Guides

Small Company Accounts: Thresholds, Options & Audit

Updated 10 Jun 2026


A small company gets reduced filing and reporting obligations — including, for most, exemption from audit. For financial years beginning on or after 6 April 2025, your company is small if it meets at least two of: turnover of £15 million or less, a balance sheet total of £7.5 million or less, and 50 or fewer employees. This page covers the thresholds, what you can choose to file, the audit exemption, and what changes in April 2028.

Does your company qualify as small?

Meet at least two of the three criteria. The thresholds rose for financial years beginning on or after 6 April 2025 (the trigger is the year's start date, not its end).

CriterionFYs beginning before 6 Apr 2025FYs beginning on/after 6 Apr 2025
Turnover£10.2m or less£15m or less
Balance sheet total£5.1m or less£7.5m or less
Average employees50 or fewer50 or fewer (unchanged)

The two-year rule applies: after its first year, a company changes size category only by meeting (or failing) the conditions two years running. And the 2025 uplift came with look-back relief — when testing the prior year you can assume the new thresholds applied then, so companies could benefit immediately.

If you're under the micro limits (£1m turnover, £500,000 balance sheet, 10 employees), the even simpler micro-entity regime is probably yours.
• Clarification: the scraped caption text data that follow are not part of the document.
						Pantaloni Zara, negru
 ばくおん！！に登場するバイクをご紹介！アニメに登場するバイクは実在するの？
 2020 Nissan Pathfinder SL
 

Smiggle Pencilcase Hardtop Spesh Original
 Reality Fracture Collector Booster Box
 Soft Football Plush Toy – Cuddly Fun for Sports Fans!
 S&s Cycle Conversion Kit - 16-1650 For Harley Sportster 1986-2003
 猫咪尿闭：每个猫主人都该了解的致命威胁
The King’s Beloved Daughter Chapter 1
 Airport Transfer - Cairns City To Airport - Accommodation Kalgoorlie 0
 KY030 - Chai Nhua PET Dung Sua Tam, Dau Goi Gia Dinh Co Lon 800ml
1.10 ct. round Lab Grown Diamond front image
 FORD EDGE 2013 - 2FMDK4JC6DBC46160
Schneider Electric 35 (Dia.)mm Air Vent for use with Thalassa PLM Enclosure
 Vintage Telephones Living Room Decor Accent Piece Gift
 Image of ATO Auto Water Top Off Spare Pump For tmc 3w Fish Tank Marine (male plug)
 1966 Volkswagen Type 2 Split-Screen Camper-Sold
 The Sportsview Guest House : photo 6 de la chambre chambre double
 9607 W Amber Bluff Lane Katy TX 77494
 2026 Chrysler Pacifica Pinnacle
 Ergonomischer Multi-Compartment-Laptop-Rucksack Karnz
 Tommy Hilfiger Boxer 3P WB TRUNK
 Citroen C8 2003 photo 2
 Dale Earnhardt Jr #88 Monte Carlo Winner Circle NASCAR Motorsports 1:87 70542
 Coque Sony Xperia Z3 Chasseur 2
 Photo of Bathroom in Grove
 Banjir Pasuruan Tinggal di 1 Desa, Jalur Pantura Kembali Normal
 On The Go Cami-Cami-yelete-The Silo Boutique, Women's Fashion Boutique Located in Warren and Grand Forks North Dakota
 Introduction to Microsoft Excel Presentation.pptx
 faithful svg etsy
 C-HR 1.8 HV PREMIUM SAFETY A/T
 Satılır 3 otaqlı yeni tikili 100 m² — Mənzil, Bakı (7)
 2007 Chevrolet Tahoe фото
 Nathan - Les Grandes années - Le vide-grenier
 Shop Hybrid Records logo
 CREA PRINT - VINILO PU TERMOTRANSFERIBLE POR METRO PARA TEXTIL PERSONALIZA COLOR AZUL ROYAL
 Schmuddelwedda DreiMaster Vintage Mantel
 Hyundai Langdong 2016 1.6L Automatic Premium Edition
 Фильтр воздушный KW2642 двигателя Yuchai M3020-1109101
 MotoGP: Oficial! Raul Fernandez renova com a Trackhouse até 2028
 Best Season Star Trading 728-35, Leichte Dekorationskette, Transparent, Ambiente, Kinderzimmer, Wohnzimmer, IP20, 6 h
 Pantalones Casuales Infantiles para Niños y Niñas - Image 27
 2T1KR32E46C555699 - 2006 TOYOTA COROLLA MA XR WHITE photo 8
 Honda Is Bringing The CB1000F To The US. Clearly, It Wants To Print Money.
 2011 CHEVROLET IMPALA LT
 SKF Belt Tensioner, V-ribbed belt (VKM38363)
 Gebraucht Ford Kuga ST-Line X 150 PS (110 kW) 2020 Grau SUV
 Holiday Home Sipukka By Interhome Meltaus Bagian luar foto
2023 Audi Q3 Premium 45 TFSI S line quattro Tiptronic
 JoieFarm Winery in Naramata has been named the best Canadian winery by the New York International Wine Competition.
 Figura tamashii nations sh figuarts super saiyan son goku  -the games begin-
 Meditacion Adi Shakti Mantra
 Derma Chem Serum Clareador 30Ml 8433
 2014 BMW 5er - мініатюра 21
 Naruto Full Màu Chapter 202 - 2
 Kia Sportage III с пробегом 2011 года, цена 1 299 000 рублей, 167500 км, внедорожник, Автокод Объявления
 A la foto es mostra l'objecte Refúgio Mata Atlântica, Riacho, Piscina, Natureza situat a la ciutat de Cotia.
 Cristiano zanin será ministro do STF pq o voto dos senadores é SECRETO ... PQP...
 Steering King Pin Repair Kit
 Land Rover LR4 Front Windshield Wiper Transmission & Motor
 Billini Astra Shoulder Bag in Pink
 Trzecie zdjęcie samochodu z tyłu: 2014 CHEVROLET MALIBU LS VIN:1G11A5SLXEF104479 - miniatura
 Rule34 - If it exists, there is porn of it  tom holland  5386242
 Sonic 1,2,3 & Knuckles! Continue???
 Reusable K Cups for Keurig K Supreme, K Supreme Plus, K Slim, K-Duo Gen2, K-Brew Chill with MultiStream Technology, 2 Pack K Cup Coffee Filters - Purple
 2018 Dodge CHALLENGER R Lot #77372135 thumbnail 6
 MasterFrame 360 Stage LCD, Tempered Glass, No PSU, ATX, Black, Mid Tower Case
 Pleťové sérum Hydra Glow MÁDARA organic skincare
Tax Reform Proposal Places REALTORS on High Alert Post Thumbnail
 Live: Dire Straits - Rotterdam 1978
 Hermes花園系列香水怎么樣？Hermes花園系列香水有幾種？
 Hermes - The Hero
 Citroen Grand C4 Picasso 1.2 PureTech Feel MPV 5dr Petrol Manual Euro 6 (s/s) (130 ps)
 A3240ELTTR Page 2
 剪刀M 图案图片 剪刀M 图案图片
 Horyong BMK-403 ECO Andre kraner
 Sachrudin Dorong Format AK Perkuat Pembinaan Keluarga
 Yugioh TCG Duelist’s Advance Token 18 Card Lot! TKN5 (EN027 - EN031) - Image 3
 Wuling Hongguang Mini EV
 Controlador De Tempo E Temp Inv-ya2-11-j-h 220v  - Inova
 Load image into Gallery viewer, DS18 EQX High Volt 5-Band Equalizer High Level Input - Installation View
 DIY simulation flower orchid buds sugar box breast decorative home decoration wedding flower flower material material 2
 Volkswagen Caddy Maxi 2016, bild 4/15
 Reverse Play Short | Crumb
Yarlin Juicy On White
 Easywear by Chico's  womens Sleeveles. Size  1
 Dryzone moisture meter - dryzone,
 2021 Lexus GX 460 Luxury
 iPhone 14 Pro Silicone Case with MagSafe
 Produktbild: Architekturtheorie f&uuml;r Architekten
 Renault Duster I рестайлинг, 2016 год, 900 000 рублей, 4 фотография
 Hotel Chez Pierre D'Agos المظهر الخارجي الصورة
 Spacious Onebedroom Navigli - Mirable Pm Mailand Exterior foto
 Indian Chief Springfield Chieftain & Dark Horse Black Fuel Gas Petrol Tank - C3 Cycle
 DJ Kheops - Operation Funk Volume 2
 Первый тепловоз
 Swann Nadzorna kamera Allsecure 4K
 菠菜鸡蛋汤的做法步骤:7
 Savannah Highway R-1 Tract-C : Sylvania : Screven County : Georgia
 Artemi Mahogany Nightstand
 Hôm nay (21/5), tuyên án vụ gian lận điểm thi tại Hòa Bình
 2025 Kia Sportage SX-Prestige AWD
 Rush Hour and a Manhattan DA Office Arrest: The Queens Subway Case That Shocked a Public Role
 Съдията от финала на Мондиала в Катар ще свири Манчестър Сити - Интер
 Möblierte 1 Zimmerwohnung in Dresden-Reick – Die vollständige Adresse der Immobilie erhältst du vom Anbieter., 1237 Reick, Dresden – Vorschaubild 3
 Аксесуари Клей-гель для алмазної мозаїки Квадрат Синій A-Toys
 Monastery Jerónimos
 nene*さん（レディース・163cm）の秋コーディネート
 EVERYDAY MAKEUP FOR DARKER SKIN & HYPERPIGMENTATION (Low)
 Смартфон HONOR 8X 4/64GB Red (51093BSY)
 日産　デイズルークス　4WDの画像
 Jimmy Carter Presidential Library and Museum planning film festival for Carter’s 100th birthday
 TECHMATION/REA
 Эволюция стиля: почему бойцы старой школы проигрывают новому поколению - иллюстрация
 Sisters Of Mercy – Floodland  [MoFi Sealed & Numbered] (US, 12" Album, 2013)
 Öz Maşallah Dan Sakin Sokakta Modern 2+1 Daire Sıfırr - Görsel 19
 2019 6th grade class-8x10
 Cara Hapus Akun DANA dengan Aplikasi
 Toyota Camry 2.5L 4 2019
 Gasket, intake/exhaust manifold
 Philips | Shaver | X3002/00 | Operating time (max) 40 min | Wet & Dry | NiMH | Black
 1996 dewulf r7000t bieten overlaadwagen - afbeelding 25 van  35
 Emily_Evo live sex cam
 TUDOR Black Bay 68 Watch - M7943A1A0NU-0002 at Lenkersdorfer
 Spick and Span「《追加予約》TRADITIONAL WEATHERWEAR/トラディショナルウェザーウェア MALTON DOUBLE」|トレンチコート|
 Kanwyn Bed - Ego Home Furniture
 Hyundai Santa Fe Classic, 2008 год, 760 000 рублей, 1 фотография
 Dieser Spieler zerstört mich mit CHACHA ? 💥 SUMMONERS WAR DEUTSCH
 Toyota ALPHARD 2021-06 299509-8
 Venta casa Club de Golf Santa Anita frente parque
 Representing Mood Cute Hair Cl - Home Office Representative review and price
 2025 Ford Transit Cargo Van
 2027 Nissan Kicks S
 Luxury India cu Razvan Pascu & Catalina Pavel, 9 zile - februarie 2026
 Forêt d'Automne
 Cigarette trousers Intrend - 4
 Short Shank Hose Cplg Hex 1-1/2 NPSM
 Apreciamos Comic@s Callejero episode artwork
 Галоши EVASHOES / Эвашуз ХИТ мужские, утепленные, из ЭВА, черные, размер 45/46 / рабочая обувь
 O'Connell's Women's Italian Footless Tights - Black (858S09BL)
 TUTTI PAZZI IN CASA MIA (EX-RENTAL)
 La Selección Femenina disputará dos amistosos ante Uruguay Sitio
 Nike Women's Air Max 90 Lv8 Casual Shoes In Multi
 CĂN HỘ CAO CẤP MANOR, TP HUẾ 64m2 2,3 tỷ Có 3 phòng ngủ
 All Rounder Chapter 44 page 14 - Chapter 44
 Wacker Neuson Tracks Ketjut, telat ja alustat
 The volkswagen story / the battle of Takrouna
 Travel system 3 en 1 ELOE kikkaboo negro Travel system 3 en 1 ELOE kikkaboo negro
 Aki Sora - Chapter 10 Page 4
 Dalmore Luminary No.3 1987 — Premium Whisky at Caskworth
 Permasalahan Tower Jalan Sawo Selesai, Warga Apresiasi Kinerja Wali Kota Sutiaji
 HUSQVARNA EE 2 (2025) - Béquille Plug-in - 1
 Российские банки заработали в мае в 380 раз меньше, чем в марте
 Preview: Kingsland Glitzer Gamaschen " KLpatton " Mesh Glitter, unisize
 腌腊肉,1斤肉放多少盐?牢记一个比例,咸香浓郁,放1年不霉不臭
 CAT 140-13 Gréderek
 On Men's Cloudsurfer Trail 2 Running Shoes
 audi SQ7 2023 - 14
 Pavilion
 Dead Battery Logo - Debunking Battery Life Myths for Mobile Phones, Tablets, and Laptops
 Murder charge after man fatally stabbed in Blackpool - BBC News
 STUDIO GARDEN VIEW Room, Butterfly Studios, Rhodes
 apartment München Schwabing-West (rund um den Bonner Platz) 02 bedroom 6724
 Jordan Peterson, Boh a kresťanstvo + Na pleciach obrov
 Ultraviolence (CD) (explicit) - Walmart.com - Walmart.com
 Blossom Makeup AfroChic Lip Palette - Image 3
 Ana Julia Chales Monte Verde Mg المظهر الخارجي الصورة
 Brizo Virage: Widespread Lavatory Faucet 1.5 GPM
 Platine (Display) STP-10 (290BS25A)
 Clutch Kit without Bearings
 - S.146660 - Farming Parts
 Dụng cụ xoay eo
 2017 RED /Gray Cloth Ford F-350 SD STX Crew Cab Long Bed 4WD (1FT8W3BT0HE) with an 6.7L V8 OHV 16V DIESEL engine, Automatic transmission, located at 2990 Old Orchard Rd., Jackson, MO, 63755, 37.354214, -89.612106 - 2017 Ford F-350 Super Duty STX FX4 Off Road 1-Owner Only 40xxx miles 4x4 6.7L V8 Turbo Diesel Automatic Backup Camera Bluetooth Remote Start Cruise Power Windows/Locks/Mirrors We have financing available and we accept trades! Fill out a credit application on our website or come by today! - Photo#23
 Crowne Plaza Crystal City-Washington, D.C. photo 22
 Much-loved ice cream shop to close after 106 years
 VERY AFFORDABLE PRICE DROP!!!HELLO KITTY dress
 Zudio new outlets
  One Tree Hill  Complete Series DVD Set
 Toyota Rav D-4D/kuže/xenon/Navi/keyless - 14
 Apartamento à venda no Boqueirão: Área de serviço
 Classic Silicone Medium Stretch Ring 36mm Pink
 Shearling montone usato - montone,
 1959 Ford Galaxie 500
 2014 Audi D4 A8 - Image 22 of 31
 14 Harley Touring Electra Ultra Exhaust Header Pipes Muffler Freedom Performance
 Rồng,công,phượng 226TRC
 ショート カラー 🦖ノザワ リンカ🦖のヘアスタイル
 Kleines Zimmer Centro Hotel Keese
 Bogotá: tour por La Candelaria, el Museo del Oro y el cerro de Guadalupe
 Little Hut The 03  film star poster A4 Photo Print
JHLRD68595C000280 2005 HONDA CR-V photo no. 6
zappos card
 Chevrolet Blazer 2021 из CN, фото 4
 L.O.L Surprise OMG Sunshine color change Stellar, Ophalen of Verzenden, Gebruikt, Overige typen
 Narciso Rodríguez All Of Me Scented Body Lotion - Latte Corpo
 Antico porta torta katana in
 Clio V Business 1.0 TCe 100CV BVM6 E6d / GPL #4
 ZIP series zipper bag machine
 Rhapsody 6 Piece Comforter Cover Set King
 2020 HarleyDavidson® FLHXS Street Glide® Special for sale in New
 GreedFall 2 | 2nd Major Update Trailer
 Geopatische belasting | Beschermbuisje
What can a small company file?

Small companies currently have choices about how much appears on the public register:

  • File without the profit and loss account. Today a small company can file its balance sheet and notes without the P&L — practitioners call this "filleted" accounts (not an official term). The P&L is still prepared; it just isn't published.
  • Abridged accounts — a reduced-disclosure format. Still available today, but being removed in April 2028.

From April 2028 the choices narrow. Small companies will file a balance sheet, directors' report, auditor's report (unless exempt) and a profit and loss account — balance-sheet-only public filing ends. An opt-out from publishing the P&L is confirmed (the mechanism isn't yet). All accounts also become software-only filings from the same date.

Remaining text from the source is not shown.